While it is true that debt market pressure in both US and parts of Europe has led to pressure in local gilts as well, the correction is positive when seen from an export-competitiveness perspective. Given how India is yet to see firm pick up in exports, the rupee in its current range could be much helpful. And remember, in the long term, most analysts do not predict a strong rupee against the dollar.
What we do not want is a swinging, volatile rupee. Any excessive weakness can always be handled by the RBI (as demonstrated in 2013) through selling dollars, given our comfortable foreign exchange reserves.
As retail investors, it would therefore be too much to worry about the rupee at this stage. Remember, your international investments (international funds and so on) too stand to gain from a weakening rupee!
The fall in gilt prices (rising yield) too is entwined with rising oil prices, currency issues as well as the global debt market, especially Germany. But is that something for markets to fear?

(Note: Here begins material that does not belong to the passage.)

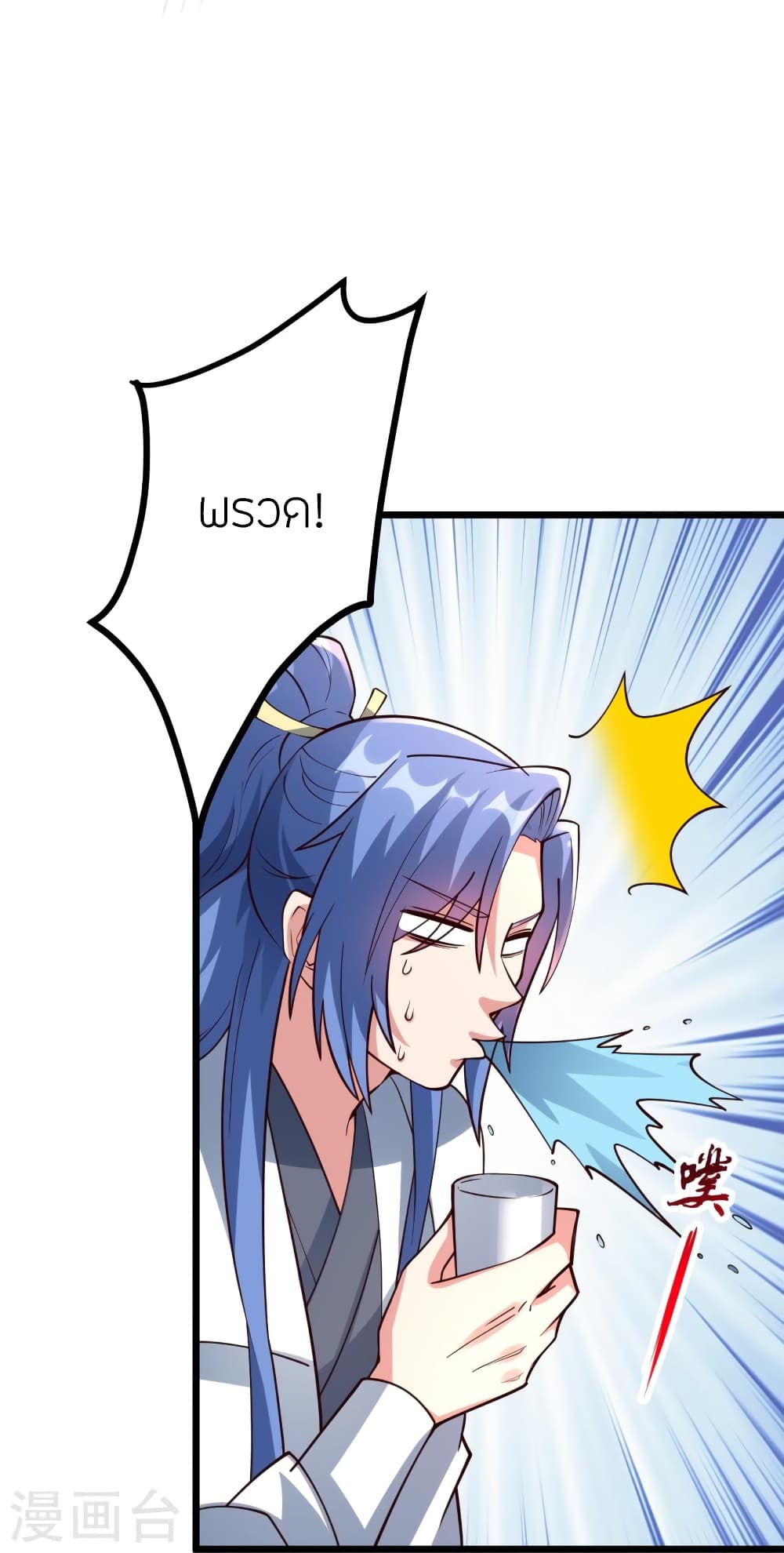 Banished Disciple's Counterattack ราชาอมตะผู้ถูกขับไล่ page 31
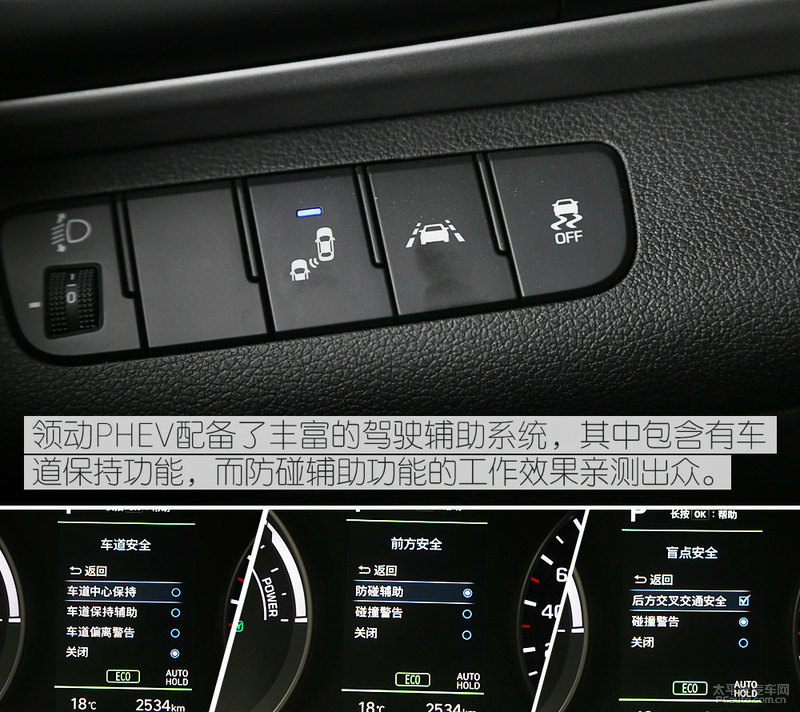 领动phev百公里加速,领动混动续航测试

We do not think so; at least not over the medium term if you consider this: the RBI is now on CPI-based target with real rate as an additional focus.
If we do achieve the 4% inflation target, then bond yields will reduce as it is hard to imagine a real rate of 3-4% (real rate is the excess return over inflation)! Now, forget the external risks, which are more sentimental is nature.
The internal risk is that of poor monsoon and higher food prices as these could only trigger inflation and prevent fall in yields. It is noteworthy that we have been through a year of below-average monsoons as well as unseasonal rains at a time when the government was tackling a much higher inflation number than we are at present. And it would be fair to say that it was tackled well; if the fall in food prices from their peak is any evidence.
Therefore, it one were to assume there are no big shocks to inflation, over the medium term, fall in yields in line with lower inflation may seem inevitable; much as yields remain stubborn today.
Earnings – still in expectation mode
We have, early this year, stated that unlike 2014, 2015 will be a stock-specific rally, based on earnings and we see that panning out now.
While some of the index companies have delivered strong numbers, early trend suggests that we could have yet another lack lustre earnings season for the broad market. This has led to almost a 6.-8% downgrade in earnings estimate by many analysts. Where does that leave us? At more comfortable levels; taking into account the market correction as well.
That leaves us with an about 15% earnings growth estimate over 2 years (FY16 and FY-17). The current forward valuations at 15-16 times P/E does appear to be in line with the growth outlook. But that also means not much upside for the year until earnings improve.
And when can you expect earnings to improve? Stage 1: When lower input costs and interest costs show up in the numbers. Stage 2: when revenue pick up significantly as a result of higher investments/capacity additions. We think stage 2 is well over a year away. But stage 1 is already visible in some companies and can be expected to be making itself conspicuous before the end of the fiscal. Either which way you need to wait a bit.
No rally without pull backs
A bull market correction typically happens when there are short-term pain points, external shocks not anticipated and generally higher valuations. The current phase would fit this description as the fundamental factors whether in terms of inflation, deficit or growth have not changed significantly.
We borrowed this image (unable to acknowledge source) below, that is doing the rounds in the social media now, to show how in one of the best bull markets between 2003-07, there were plenty of corrections.
A 15% or more correction cropped up on 3 occasions in the last cycle. As we often reiterate, we view these as normal, healthy and necessary to provide you opportunities to average costs better.